Annie nunca lo mencionó, pero él creía que aquello era otra demostración de su solicitud. «¿Cómo puede decir que he sido cruel con usted, Paul, cuando he completado todas esas páginas?». Un acto de reparación o tal vez un rito casi supersticioso: suficientes cambios de vendas, suficientes baños de esponja, suficientes letras y Paul viviría. «Mujer abeja de los bourkas hacer poderosa magia, buana, llenar toas esas letras y to ponerse bien otra vez», creyó escuchar.

Así era como había comenzado…, pero luego se había instalado el «tengo». Paul conocía todos los síntomas. Cuando ella le había dicho que se estaba muriendo por saber lo que iba a pasar, no bromeaba.

«Porque tú seguiste viviendo para averiguar lo que pasaría. ¿No es eso lo que estás diciendo?», se preguntó.

Por demente que fuese y hasta vergonzoso, por absurdo que pareciera, eso era lo que él creía.

El «tengo»…

Era algo que había generado en los libros de Misery casi a voluntad, pero muy poco o nada en la corriente principal de su novelística. No sabía exactamente dónde encontrar el «tengo», pero siempre lo reconocía cuando se lograba. Hacía que la aguja del Geiger saltara hasta el final de la espera. Lo reconocía incluso sentado frente a la máquina de escribir aquejado de una ligera resaca, tomando tazas de café y masticando Rolaids cada dos horas, sabiendo que debía dejar los malditos cigarrillos, al menos durante la mañana, aunque era incapaz de llegar al punto decisivo, meses antes de terminar y a años luz de la publicación. Siempre que lo conseguía acababa sintiéndose ligeramente avergonzado, manipulador. Los días pasaban y el agujero en el papel era pequeño, la luz débil, las conversaciones del entorno estúpidas. Uno seguía empujando porque era todo lo que podía hacer. Según Confucio, si un hombre quiere cultivar un poco de maíz, antes debe remover una tonelada de estiércol. Y un día todo alcanzaba las dimensiones de la evidencia y la luz brillaba como un rayo de sol en una epopeya de Cecil B. de Mille. Entonces, Paul sabía que allí estaba el «tengo» vivito y coleando. Se manifestaba de distintas formas: «Creo que me quedaré trabajando otros quince o veinte minutos, cariño, tengo que ver cómo sale este capítulo». Aunque el tipo que había dicho eso hubiera pasado todo el día trabajando y pensando en echar un polvo, y sabía que al terminar su trabajo encontraría a la mujer dormida.

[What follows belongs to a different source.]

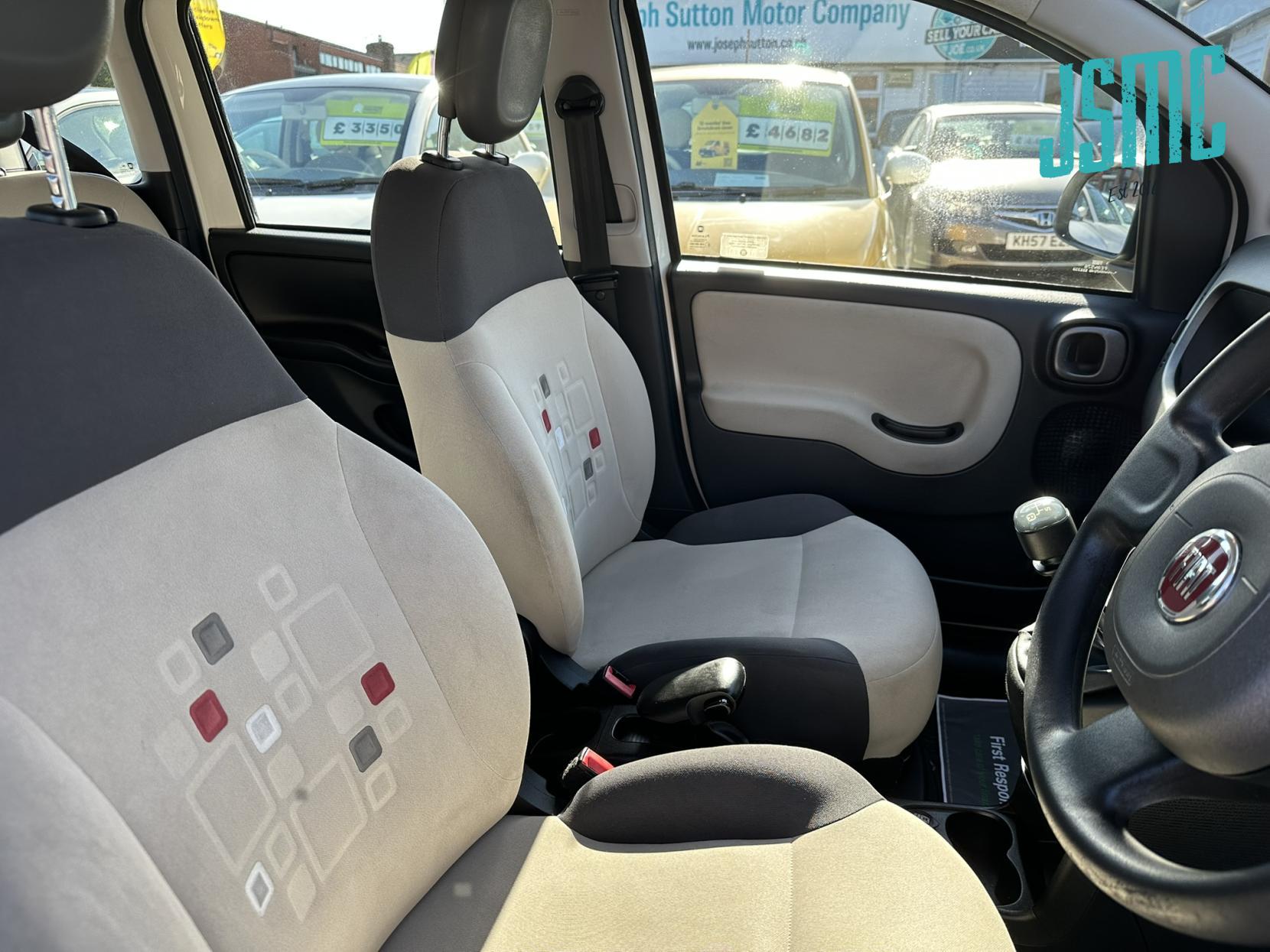 Fiat Panda 1.2 Lounge Hatchback 5dr Petrol Manual Euro 5 (69 bhp)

«Ya sé que debería empezar a hacer la cena, él se enfadará si vuelvo a cocinar algo congelado; pero tengo que ver cómo termina esto». Los caminos del «tengo» eran insoportables.

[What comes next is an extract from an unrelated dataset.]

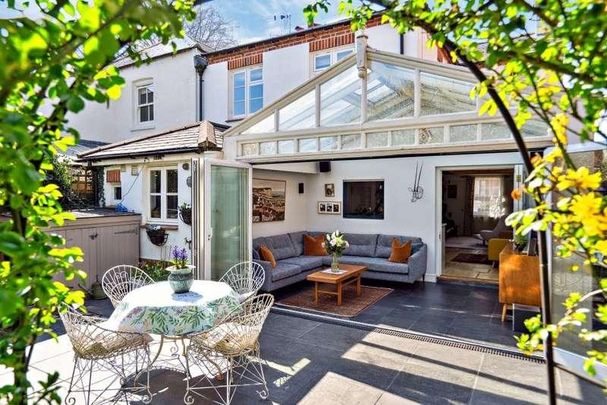 Glade Road, Marlow, Buckinghamshire, SL7 - Photo 1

«Tengo que saber si ella vivirá —pensó Paul—. Tengo que enterarme de si él cogerá al canalla de mierda que mató a su padre. Tengo que averiguar si ella descubre que su mejor amiga está follando con su marido».

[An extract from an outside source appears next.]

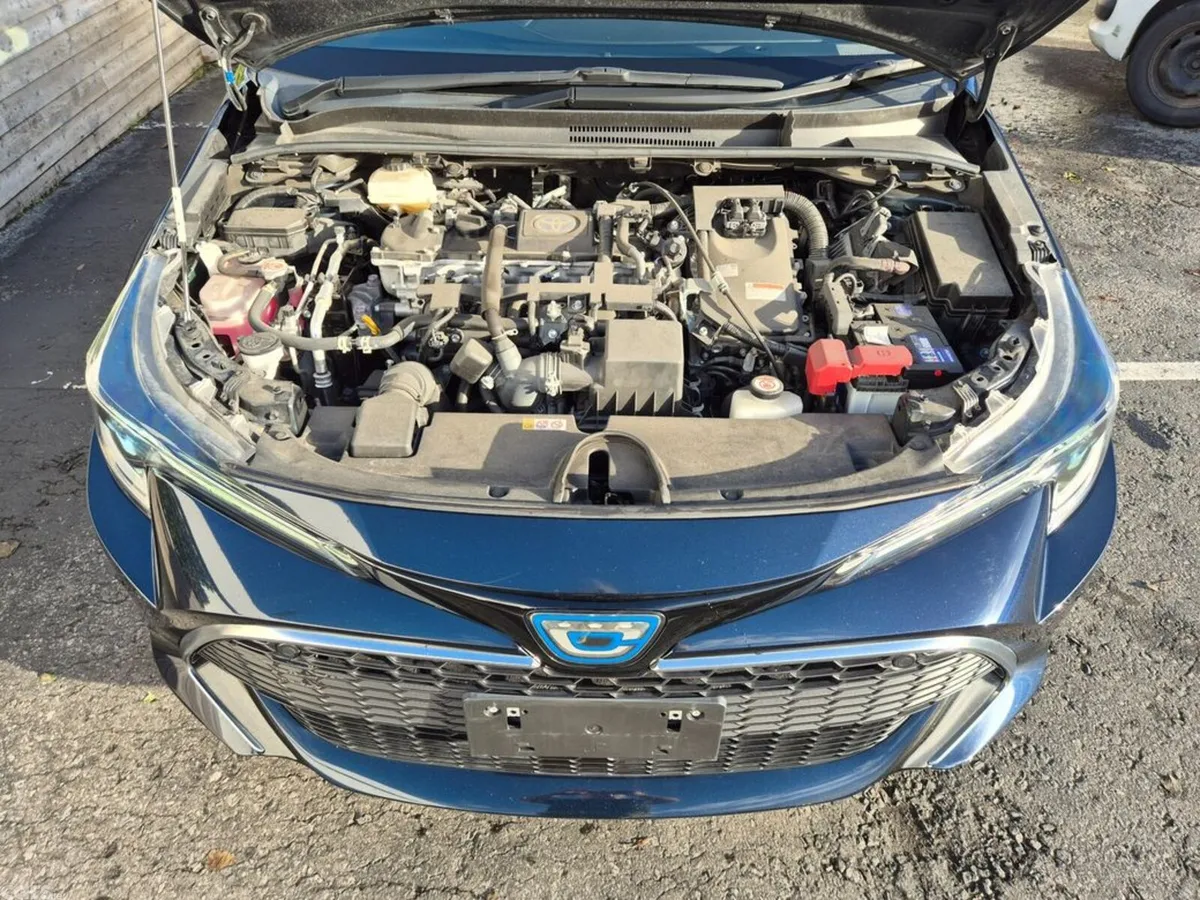 Toyota Corolla Hatchback, Petrol Hybrid, 2021, Blue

El maldito verbo era obsceno como masturbarse en un bar asqueroso; magnífico como un buen polvo con la prostituta más talentosa del mundo. Sí, era genial y repugnante a la vez, y al final no importaba lo grosero o lo crudo que resultase, porque era simplemente como Jackson decía en aquel disco: «No pares hasta que te hartes».